◆ Information given ◆
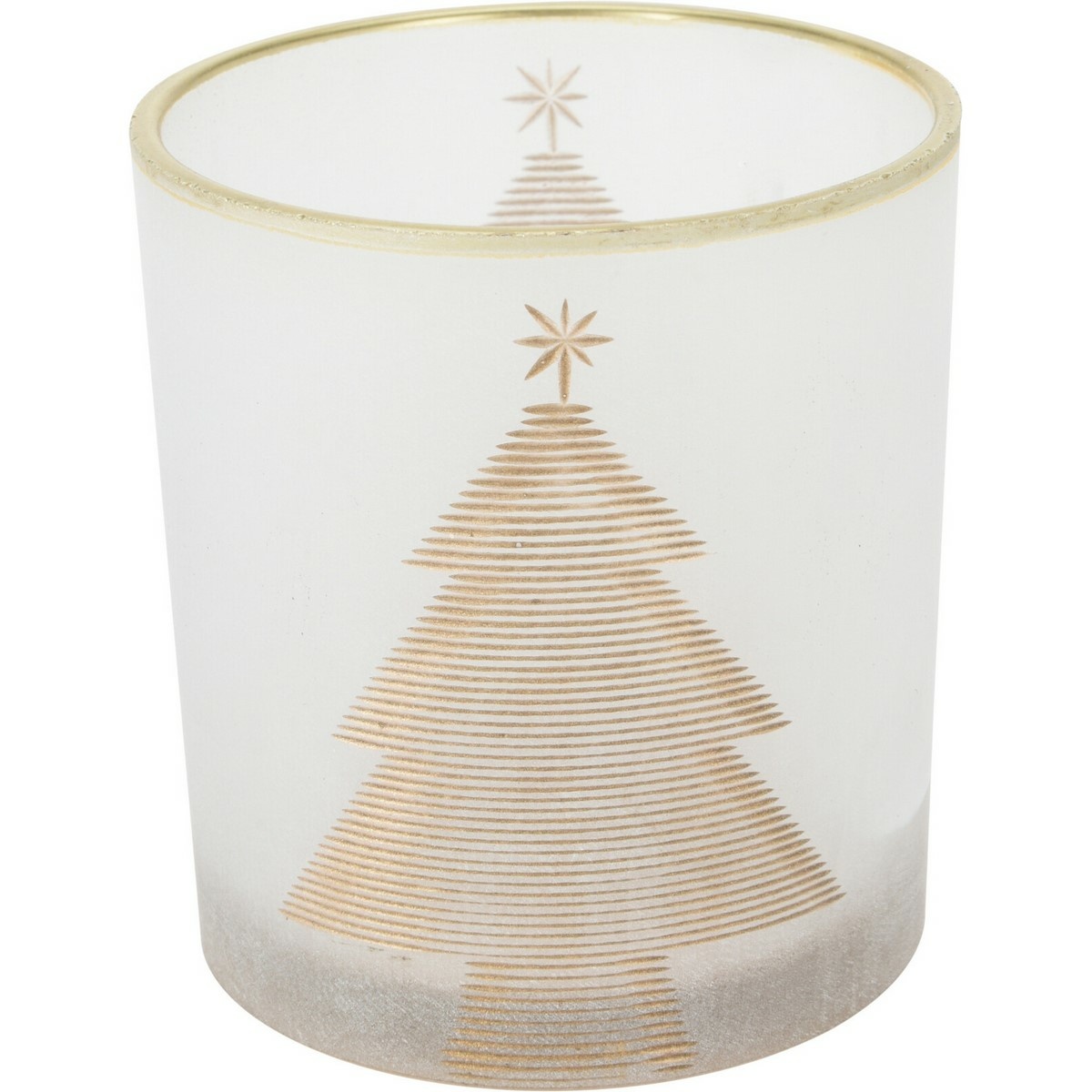 Svietnik na čajovú sviečku Beam tree Svietnik na čajovú sviečku Beam tree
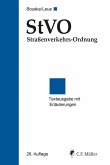 StVO Straßenverkehrs-Ordnung (eBook, ePUB)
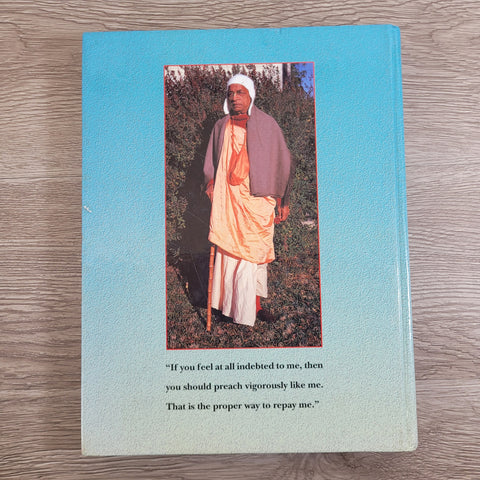 Sri Vyasa-Puja A. C. Bhaktivedanta Swami Prabhupada 1999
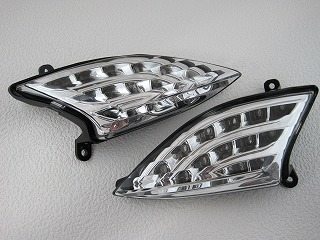 KN企画 ケイエヌキカク LEDウインカーアッセン シグナスX(SE44J) シグナスX YAMAHA ヤマハ ウインカー 灯火類 電装系
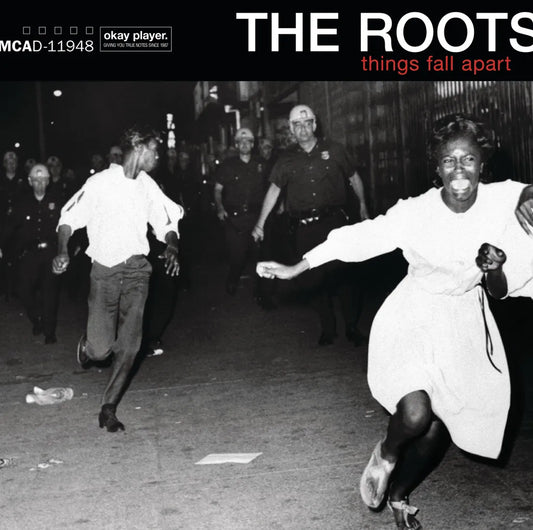 The Roots, Things Fall Apart, LPx2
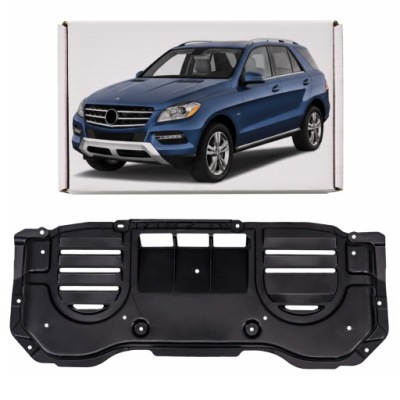 Mercedes ml w166 2011-2015 захист підвіска коробки передач a1665200323 фото №1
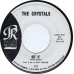 CRYSTALS Da Doo Ron Ron / Git' It (Philles 112) USA 1963 cs 45 (Phil Spector / Jack Nitzsche)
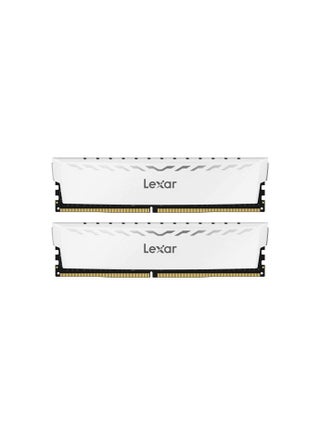 Thor DDR4 16GB Kit 2x8GB، U-DIMM، 3600 ميجاهرتز، ذاكرة وصول عشوائي للكمبيوتر الشخصي مع مبدد حراري أبيض - pnsku/N70011694V/45/_/1696581561/8ee517e4-2311-4221-ab40-5cd3eaa5d4b9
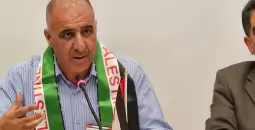 رئيس نادي الأسير الفلسطيني عبد الله زغاري.webp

◆ Activity ◆
The expected output is every line from the line where "StVO Straßenverkehrs-Ordnung (eBook, ePUB)" appears to the final line of the material, unchanged and with no pictures.

◆ Exercise result ◆
 StVO Straßenverkehrs-Ordnung (eBook, ePUB)
 Sri Vyasa-Puja A. C. Bhaktivedanta Swami Prabhupada 1999
 KN企画 ケイエヌキカク LEDウインカーアッセン シグナスX(SE44J) シグナスX YAMAHA ヤマハ ウインカー 灯火類 電装系
 The Roots, Things Fall Apart, LPx2
 Mercedes ml w166 2011-2015 захист підвіска коробки передач a1665200323 фото №1
 CRYSTALS Da Doo Ron Ron / Git' It (Philles 112) USA 1963 cs 45 (Phil Spector / Jack Nitzsche)
 Thor DDR4 16GB Kit 2x8GB، U-DIMM، 3600 ميجاهرتز، ذاكرة وصول عشوائي للكمبيوتر الشخصي مع مبدد حراري أبيض - pnsku/N70011694V/45/_/1696581561/8ee517e4-2311-4221-ab40-5cd3eaa5d4b9
 رئيس نادي الأسير الفلسطيني عبد الله زغاري.webp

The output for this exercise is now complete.